Look, We Get It…
At Hills Accountants in Hobart, we understand that you’ve got a million things on your plate. Running a business means juggling sales, customer service, marketing, and—oh yeah—trying to have a life.
So, updating your accountant? Probably not at the top of your to-do list.
But here’s the thing! Keeping us in the dark is like letting your mate drive blindfolded. It’s only a matter of time before you crash into an unexpected tax bill, a cash flow disaster, or an angry letter from the ATO.
Let’s try and avoid that, shall we?
How Often Should You Update Your Accountant?
You don’t need to check in with us daily (unless you just really enjoy our company). But a quarterly update is a smart move, since that’s when your BAS is due.

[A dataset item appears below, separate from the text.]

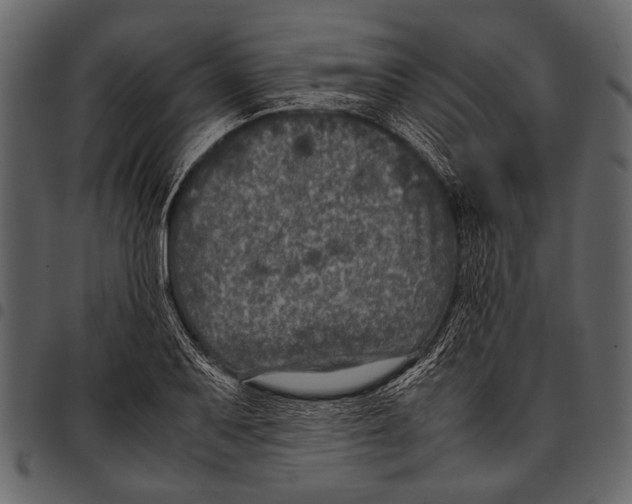 X0000097481079200803201504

That said, some changes warrant a “drop everything and call your accountant” moment (we’ll get into those below). And even if nothing seems to have changed, an annual review is a must. Because surprises... Well, they’re great for birthday parties. Not for taxes.
What Changes Should You Tell Your Accountant About?
Here’s a quick cheat sheet of business changes that should have you reaching for the phone (or at least sending a nicely worded email).
1. You’ve Changed Your Business Structure
- Swapping from sole trader to company?
- Setting up a trust?
- Bringing in a business partner?
Your accountant needs to know these things before you make the changes - not after. The wrong setup could leave you paying unnecessary tax or expose you to legal risk.
2. Your Revenue or Expenses Have Gone Bonkers
- Sales have skyrocketed (woohoo!) or taken a nosedive (booo).
- You’ve made a major purchase—like equipment, property, or a fleet of company utes.
- You’re suddenly spending way more than before (without a clear plan to make it back).
Surprise profits can mean surprise tax bills. Surprise losses? Well, we can help you to NOT go broke.